US-born UK pianist and band leader (1896–1958)

Charles Leonard Kunz (August 18, 1896 – March 16, 1958) was an American-born pianist and band leader who worked in Great Britain during the British dance band era, eventually becoming a well-known solo pianist.

==Life and career==
Kunz was born in Allentown, Pennsylvania, United States, the only son of Margaret T. (Wehr) and Leonard Kunz, a master baker who played the French horn. He made his debut aged six and made his first appearance as a prodigy aged seven. During World War I, he led his own resident band, while working in a munitions factory.

He came to the United Kingdom in 1922 as a pianist in a small dance band. He was to remain there until his death from a heart attack in 1958. Kunz was such a distinctive and popular pianist that he abandoned his orchestra to concentrate on his piano playing, both at music hall venues and on the BBC. Two of Britain's most famous female vocalists were with his orchestra in the 1930s: Vera Lynn and Welsh songstress Dorothy Squires. His best known crooner was George Barclay.

Kunz was the pianist in a dance band which was led by the drummer, Ed Krick. The band came to London in 1922 to play a residency in the London Trocadero. The band returned without Kunz to Pennsylvania after a successful run at the 'Troc' and, until 1998, still got together for sessions for retirement homes, renamed as 'The B Flats'.

His debut as a soloist came in 1934 at the Holborn Empire, London followed by countless variety theatres in Britain and the Continent, after playing in hotels, restaurants and ballrooms. The same year saw the beginning of what was to become a continuous output of solo records of "Charlie Kunz Medleys". His signature tune was "Clap Hands, Here Comes Charlie", and his closing theme was "Pink Elephants".

He became the highest paid pianist in the world, earning up to £1,000 a week. His piano transcriptions sold widely in the teaching of piano-playing. Kunz's playing style was a relaxed flowing interpretation of popular melodies played with subtle soft and loud accents, which he called "melody and rhythm with expression".

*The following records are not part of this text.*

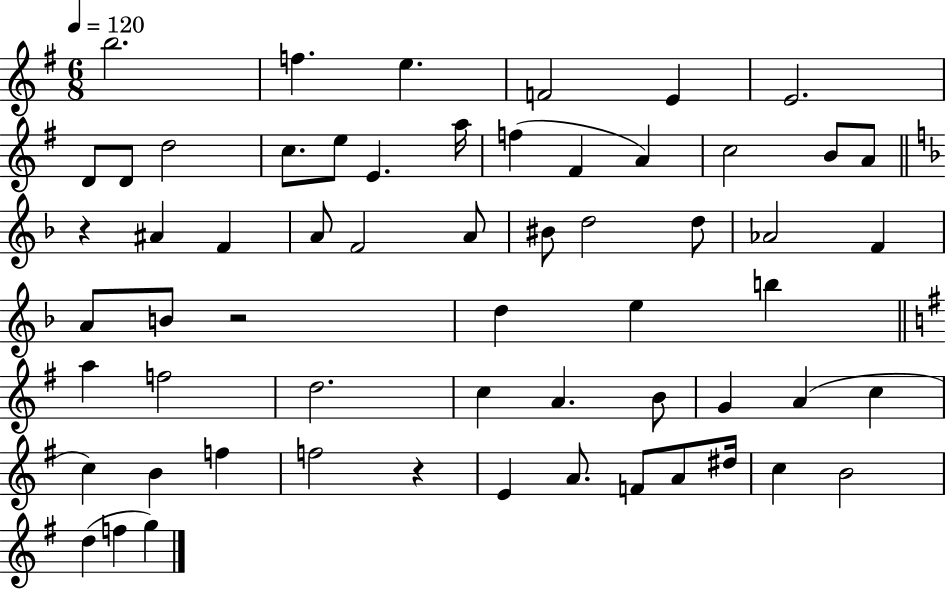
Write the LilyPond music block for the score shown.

{
  \clef treble
  \numericTimeSignature
  \time 6/8
  \key g \major
  \tempo 4 = 120
  b''2. | f''4. e''4. | f'2 e'4 | e'2. | \break d'8 d'8 d''2 | c''8. e''8 e'4. a''16 | f''4( fis'4 a'4) | c''2 b'8 a'8 | \break \bar "||" \break \key d \minor r4 ais'4 f'4 | a'8 f'2 a'8 | bis'8 d''2 d''8 | aes'2 f'4 | \break a'8 b'8 r2 | d''4 e''4 b''4 | \bar "||" \break \key e \minor a''4 f''2 | d''2. | c''4 a'4. b'8 | g'4 a'4( c''4 | \break c''4) b'4 f''4 | f''2 r4 | e'4 a'8. f'8 a'8 dis''16 | c''4 b'2 | \break d''4( f''4 g''4) | \bar "|."
}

He was married three times. His first marriage was to Amanda Dysher. They had a son, Joseph; she predeceased Kunz. His second marriage was to Eva Dorothy "Nin" Lloyd, a fashion model, from 1923 to 1939; they had two sons, Peter and Gerald. In 1939, he was living with Eva in Elmer Road, Chichester. Kunz's last marriage was to Pat Sparkes from 1942 to 1958.

He is buried in Streatham Vale Cemetery.